Instructions for the task ▸ The whole listing, apart from its images, should be restated word for word.

Supplied data ▸
»»

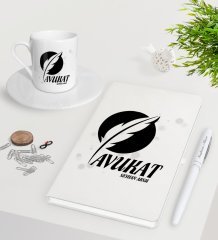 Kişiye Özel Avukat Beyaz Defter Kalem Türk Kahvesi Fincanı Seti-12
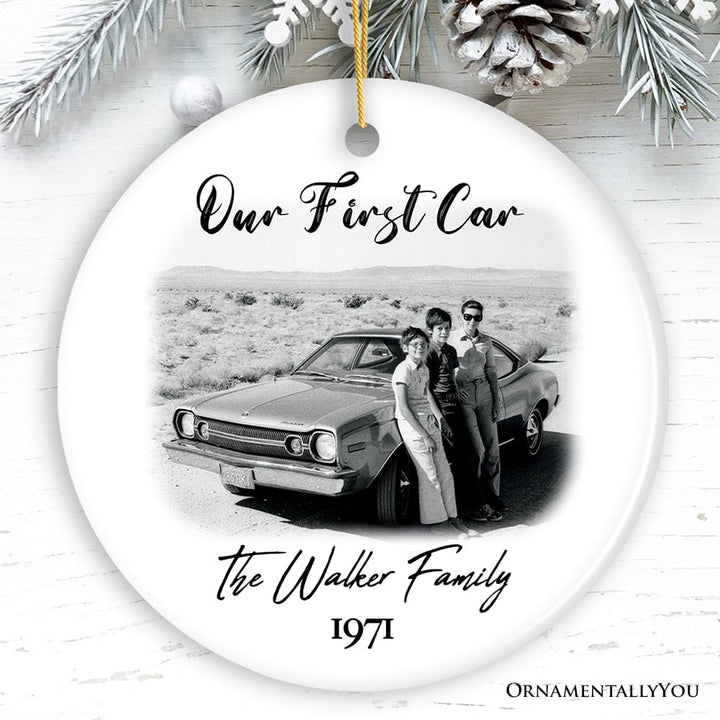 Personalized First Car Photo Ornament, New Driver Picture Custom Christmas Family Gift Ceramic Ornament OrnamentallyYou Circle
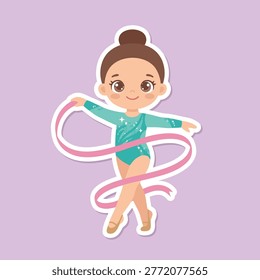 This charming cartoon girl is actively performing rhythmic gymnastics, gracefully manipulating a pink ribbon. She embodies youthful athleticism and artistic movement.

««

Task result ▸
 Kişiye Özel Avukat Beyaz Defter Kalem Türk Kahvesi Fincanı Seti-12
 Personalized First Car Photo Ornament, New Driver Picture Custom Christmas Family Gift Ceramic Ornament OrnamentallyYou Circle
 This charming cartoon girl is actively performing rhythmic gymnastics, gracefully manipulating a pink ribbon. She embodies youthful athleticism and artistic movement.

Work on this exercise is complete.